Three years ago there was a heart-warming story in the newspaper that Food for the Poor had constructed a small, not expensive or fancy, home for someone who was disabled. The home was constructed on land provided by the government.
It was and has not been the only time that Food for the Poor has come to the rescue of the poor. Thanks to Food for the Poor that woman now has a roof over her head. She is the master of her own home.
The vast majority of poor people do not ask for very much. The vast majority of the poor in Guyana really want a roof under which to live.
As I have said, so many times in these columns, no person should go hungry in Guyana. There is always somewhere that people can turn to get a meal. The real problem of poverty is homelessness.
This may be surprising, considering the vast number of house lots that the government has distributed. The bitter irony is that the homeless cannot afford to pay for these house lots much less to find money to put up even a shack. They are therefore left to find shelter on the streets.
I am not hitting the government’s housing programme. I think it was one of the outstanding achievements of Cheddi Jagan to have launched such a programme. Cheddi has allowed thousands of Guyanese to own their own home.
True, a few hundred have taken advantage and have used the policy to accumulate real estate, something that I feel the government has not taken seriously. I have said before in these columns that if the government wanted to know if house lot applicants had previously owned property all they had to do was to ask the applicants to get a tax compliance.
That person would know that the tax records would show whether they had ever done any transaction in relation to a property and if it was found that the Ministry of Housing was lied to, then stern action could have been taken.
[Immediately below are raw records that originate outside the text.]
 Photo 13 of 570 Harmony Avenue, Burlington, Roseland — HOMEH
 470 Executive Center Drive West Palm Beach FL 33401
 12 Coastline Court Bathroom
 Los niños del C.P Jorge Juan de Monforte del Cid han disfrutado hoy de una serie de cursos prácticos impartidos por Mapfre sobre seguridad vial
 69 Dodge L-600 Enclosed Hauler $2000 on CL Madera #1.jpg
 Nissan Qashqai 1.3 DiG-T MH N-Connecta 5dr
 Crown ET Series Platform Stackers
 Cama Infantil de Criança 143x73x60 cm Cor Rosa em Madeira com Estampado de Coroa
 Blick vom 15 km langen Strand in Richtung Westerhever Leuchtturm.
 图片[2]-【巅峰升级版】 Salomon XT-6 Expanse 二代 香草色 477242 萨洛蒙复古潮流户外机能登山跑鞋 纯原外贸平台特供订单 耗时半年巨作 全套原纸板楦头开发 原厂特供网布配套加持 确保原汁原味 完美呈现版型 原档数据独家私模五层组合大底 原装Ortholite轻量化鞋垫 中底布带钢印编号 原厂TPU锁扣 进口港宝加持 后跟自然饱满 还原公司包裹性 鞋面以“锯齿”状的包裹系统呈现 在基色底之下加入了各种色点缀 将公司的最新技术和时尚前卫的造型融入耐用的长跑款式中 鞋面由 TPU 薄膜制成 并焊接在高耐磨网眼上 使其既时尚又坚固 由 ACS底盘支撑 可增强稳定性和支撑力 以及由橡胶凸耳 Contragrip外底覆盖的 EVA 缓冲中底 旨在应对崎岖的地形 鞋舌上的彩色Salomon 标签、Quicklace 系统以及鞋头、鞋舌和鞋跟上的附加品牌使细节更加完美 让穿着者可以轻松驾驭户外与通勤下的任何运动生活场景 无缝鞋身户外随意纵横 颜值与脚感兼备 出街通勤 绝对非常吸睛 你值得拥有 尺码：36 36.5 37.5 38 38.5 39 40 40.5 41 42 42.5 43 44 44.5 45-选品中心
To add to the misery of the poor, private housing developers are selling lands at astronomical prices and this has caused the prices of property in general to be pushed beyond the reach of the poor. The poor have little chance of being able to purchase private lands and property and so their only resort has to be to the government. However, even the government is now offering land at prices outside of the pockets of the poor.
I think we have reached the stage where we no longer need to increase the housing stock. What we should be doing is what Food for the Poor is doing.
The government should set up schemes for the desperately poor. All the available lands should now be given to the poor. The government should put in infrastructure and then identify the poorest amongst the poor and give them the land cheaply or free.
They should give priority to mothers with many children and then work with non-governmental organizations to build low cost homes for these persons.
In addition, the government should realize that in places such as Berbice there are hundreds of homes that are unoccupied because the owners have either gone abroad or have migrated to the city in search of jobs. The last census that was done in Guyana showed a very low population to building density in Berbice.
I believe that if jobs are created in that area, a great many of the young people who have been forced to leave their villages in search of jobs would return. With more jobs, people would go back home and the unoccupied buildings would be rented.
It is therefore important that the government try to encourage job-creation in rural Guyana. They can do this in two main ways. Firstly, they can encourage industry in those areas by establishing industrial sites.
Instead of GOINVEST sitting and waiting on investors to come forward, they should put together investment proposals and then try to find investors, be they local or foreign.
Secondly, I think that the poor people of Guyana need land. If someone has been leased a great deal of land from the State and is not utilizing that land, then it should be repossessed and given to someone else who may be willing to work the land.
There are many persons especially in the MMA scheme who have not paid their leases and these fees are a pittance when compared to the potential earnings that can accrue from the land.
I support the government reclaiming unutilized State land but giving it to persons with a demonstrated ability to find the capital and other resources to work the land.
Cheddi Jagan had a dream about every Guyanese family owning their own home. He also publicly indicated that he would like to see farmers owning up to 100 acres of land.
In these times that may be too much for a minimum land holding. I believe that for cash crop farmers ten-acre plots are good enough.
I believe that for rice, farmers need in excess of one hundred acres to be viable and for cattle rearing, 33 acres is a good minimum.
In Guyana we have a situation where some people have hundreds of acres and are not adequately utilizing it while some rice farmers are forced to subsist on as little as five acres. This is the sort of imbalance that must be corrected if we are going to help the poor.
If we give people the means to help themselves, many of them would not have to be running to Food for the Poor to build homes for them. They would be able with what they earn to build their own roofs over their heads.
Cheddi would have been deeply grieved by policies which try to pull people out of poverty without reaching down to the poorest of the poor.
He would have been disturbed that despite sharing out so many house lots, there are still families without a roof over their heads in Guyana.
It is a pity that his concern for the poor in Guyana is unmatched now that he has departed from this world.